Getirilmek istenen yeni düzenlemeye göre; Polis Vazife ve Salahiyet Kanunu'nun (PVSK) 16. Maddesinde değişiklik yapılarak, bu yetkinin genişletileceğini belirten Av. Ermiş, şu eleştirileri yaptı:
"Molotof veya taş atan göstericiye karşı ateşli silah kullanma yetkisinin verileceği söyleniyor. Bu hem mevcut Anayasa'ya aykırı, hem de Avrupa İnsan Hakları Sözleşmesi'ne (AİHS) aykırı. Çünkü Anayasa 17'de silah kullanma yetkisinin sınırları açıkça çizilmiş, silah kullanma yetkisi meşru müdafaa haline, yakalama ve tutuklama kararlarının yerine getirilmesi ile sınırlanmıştır. Bu düzenleme zaten AİHS. 2. Maddeden aynen alınmıştır. Silah kullanmanın hangi hallerden meşru kabul edilebileceğini Avrupa İnsan Hakları Mahkemesi'nin (AİHM) onlarca kararında açık bir şekilde belirtmiştir. Mala zarar veriyor ve molotof atıyor diye doğrudan doğruya polise silah kullanma yetkisi verilemez. Bu şekilde verilebilecek yetki Anayasa Mahkemesi'nden döner. Zaten Anayasa Mahkemesi 1991 yılında Terörle Mücadele Kanunu'nda (TMK) buna benzer genişletilen silah kullanma yetkisini iptal etmiştir."
'ROBOSKİ BENZERİ KATLİAMLARIN ÖNÜ AÇILIYOR!'
Av. Ermiş, "Aslında bu taslakla asıl amaçlanan; bu tür suçları -4483 sayılı yasa kapsamına sokularak- idari soruşturma iznine bağlamak. Yani İçişleri Bakanlığı ya da Valilik izin vermediği ölçüde savcılar artık soruşturma başlatamayacak, dava açmayacak. Asıl tehlikeli olan bu" diyerek, ekledi: "Roboski benzeri katliamların önü açılıyor. Çünkü polisin toplu öldürmelerinde yıllarca soruşturma yapılamayacak. Böyle bir düzenlemenin Anayasa Mahkemesi'nden dönmesi ise çok zor olacak."
'SUÇ İŞLEMESİ MUHTEMEL KİŞİLER'
Hükümetin yeni düzenlemesiyle 'önleme gözaltısı' yapılabileceğine dikkat çeken Av. Ermiş, böylece, "suç işlenmeden önce suç işlemesi muhtemel görülen kişilerin gözaltına alınacağını" açıkladı. Bunun Anayasa'nın 19. Maddesine açıkça aykırı olacağını da dile getiren Av. Ermiş, "Çünkü Anayasa 19/2 hangi durumlarda kişinin yakalanabileceğini ve özgürlüğünden yoksun bırakabileceğini açıkça belirtmiştir. Suç işlemediği sürece kimseyi özgürlüğünden yoksun bırakamazsın" dedi.

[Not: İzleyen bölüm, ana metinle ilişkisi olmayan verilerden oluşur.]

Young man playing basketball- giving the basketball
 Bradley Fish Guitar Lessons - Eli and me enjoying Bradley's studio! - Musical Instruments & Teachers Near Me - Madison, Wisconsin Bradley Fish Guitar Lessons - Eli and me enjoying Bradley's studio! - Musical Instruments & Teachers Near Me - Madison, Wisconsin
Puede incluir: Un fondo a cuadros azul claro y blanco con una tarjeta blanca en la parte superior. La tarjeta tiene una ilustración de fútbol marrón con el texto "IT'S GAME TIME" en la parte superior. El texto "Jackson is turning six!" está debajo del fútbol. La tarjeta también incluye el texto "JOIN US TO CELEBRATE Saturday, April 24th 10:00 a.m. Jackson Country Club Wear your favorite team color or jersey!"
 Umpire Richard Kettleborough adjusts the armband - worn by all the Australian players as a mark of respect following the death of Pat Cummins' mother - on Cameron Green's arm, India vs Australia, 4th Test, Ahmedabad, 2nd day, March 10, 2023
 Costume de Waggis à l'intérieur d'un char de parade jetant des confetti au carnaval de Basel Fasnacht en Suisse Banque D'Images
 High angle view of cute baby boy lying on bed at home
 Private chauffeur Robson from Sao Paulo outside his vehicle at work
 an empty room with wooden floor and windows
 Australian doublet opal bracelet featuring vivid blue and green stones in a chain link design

Polise yetki düzenlemesinde Almanya'nın örnek alınacağına ilişkin hükümet yetkililerinin açıklamalarını yorumlayan Av. Ermiş, "Almanya'da polise istihbarat açısından özel yetkiler verildiği doğrudur. Bu Almanya'da da tartışılmaktadır. Ancak silah kullanma ve gözaltı yetkisi son derece sınırlıdır. Zaten Türkiye'de polisin istihbarat yetkisi açısından hiçbir sorunu yoktur. İstihbari her türlü dinlemeyi yapabilmektedir. 17/25 Aralık Soruşturmaları sonrası, AKP kendi bakanını ve başbakanını kurtarabilmek için adli dinlemeleri sınırlandırdı. Bu, demokratikleşmek niyetine değil kendine kurtarma niyetine dayanıyordu" diye konuştu.
'DEVLET ŞİDDETİ MEŞRULAŞTIRILACAK'
"Sonuç olarak, getirilmek istenen değişikliklerin devletin ve devletin resmi güçlerinin zaten geniş olan yetkilerini daha da artırmak ve devlet şiddetini meşrulaştırmak niyetine dayandığı görülüyor.
Artık polis şiddetinde, göstermelik yargılamalar dahi iktidara yük olmuştur. Polis adam öldürürse hiç hesap vermesin, yargı önüne hiç çıkmadan bu iş halledilsin, demeye getirilmektedir."
Av. Münip Ermiş, söz konusu düzenlemeyle insan hakları ve temel özgürlüklerin yok edilmesinin hedeflendiğini belirtirken, ÇHD olarak düzenlemeye karşı mücadele edeceklerini aktardı.